The Witch Dance of the Natchez Trace, Mississippi

Witch Dance on the Natchez Trace Parkway by Kathy Alexander.

Witch Dance on the Natchez Trace Parkway by Kathy Alexander.

The Witch by Jack Prelutsky
She comes by night, in fearsome flight,
In garments black as pitch,
the queen of doom upon her broom,
the wild and wicked witch,

a crackling crone with brittle bones
and dessicated limbs,
two evil eyes with warts and sties
and bags about the rims,

a dangling nose, ten twisted toes
and fold of shriveled skin,
cracked and chipped and crackled lips
that frame a toothless grin.

She hurtles by, she sweeps the sky
and hurls a piercing screech.
As she swoops past, a spell is cast
on all her curses reach.

Take care to hide when the wild witch rides
to shriek her evil spell.
What she may do with a word or two
is much too grim to tell.

Just south of Tupelo, Mississippi is a sign on the Natchez Trace Parkway which reads “Witch Dance.” The very name conjures visions of swirling black capes, eerie moonlight in a shadowed forest, and a cauldron of bubbling potion over a roaring fire. Was it so? Local legend says, “yes!” Though the site serves as a campground today, tales of danger have persisted for centuries, allegedly making it one of the most haunted places in the Magnolia State.

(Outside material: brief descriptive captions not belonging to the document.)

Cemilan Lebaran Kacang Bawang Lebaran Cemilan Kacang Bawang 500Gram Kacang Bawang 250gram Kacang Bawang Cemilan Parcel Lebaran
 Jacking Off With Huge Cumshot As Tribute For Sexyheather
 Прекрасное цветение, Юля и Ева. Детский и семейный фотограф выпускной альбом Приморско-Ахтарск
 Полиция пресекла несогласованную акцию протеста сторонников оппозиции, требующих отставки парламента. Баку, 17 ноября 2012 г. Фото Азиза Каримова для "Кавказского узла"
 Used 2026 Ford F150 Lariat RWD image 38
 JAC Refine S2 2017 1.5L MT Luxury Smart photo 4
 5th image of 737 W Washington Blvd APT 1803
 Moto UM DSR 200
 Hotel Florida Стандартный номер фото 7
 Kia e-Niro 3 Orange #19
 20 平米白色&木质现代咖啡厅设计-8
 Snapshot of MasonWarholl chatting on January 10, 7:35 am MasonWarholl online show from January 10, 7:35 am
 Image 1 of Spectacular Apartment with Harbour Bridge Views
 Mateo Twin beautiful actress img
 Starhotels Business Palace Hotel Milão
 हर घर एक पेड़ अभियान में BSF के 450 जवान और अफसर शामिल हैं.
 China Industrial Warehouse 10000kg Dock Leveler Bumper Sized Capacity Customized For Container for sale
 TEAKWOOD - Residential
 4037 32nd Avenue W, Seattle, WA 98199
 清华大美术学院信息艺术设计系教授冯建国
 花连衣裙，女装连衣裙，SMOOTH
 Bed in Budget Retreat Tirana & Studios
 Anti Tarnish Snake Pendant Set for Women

The original inhabitants of the area were of the Hopewell culture, who were comprised of groups of related bands that flourished from about 200 BC to 500 AD. Later, many of their descendants would join the Chickasaw and Choctaw tribes. The superstition and mysteries of the Trace are as old as these earliest known inhabitants. Native American lore tells that the Hopewell Indians escaped to the area during oppressive times in Mexico, carrying the bones of their ancestors with them. Many of these bones became part of the great mounds built in the Natchez Trace area.

This paleo-Indian group first inhabited the area around Witch Dance and was responsible for constructing the Bynum Mounds, located between Witch Dance and Houston, Mississippi. According to legend, their leader, carrying a sacred bag and a medicine stick, and accompanied by a white dog, guided them on their journey. Each night, the leader would plant the medicine stick in the ground and they would encamp it that place. During their stay, the pole would alter its position, a signal that it was time to continue their journey. Whichever way it pointed, the people followed. The white dog would lead them to berries and food along the way.

A witch dance

A witch dance

Eventually, the stick pointed straight up, indicating they had arrived at their new home. The people buried the bones of their ancestors in mounds, which would grow larger over the years. Two of the men in this group were brothers named Chata and Chicksah. Sometime later, the brothers discovered that the land could not support all of the people. Chicksah took half the people, departed to the North, and eventually became the Chickasaw tribe. Chatah and the others remained near the mound and are now known as the Choctaw.

Perhaps because the area was already steeped in legend and superstition, witches later began to gather at the place called “Witch Dance” for nighttime ceremonies. Celebrating and improving their “abilities,” they would feast and dance throughout the night. Lore has it that the grass would wither and die where their feet touched the ground during their dances, never to grow again. Who these witches were or from where they came remains a mystery.

The Chickasaw and the Choctaw Indians in the area immediately began to avoid the scorched patches of ground. During the War of 1812 and the Creek War that followed, Andrew Jackson often traveled up and down the Natchez Trace. Though there is no indication that he feared the spots, they were interesting enough to record in his journal.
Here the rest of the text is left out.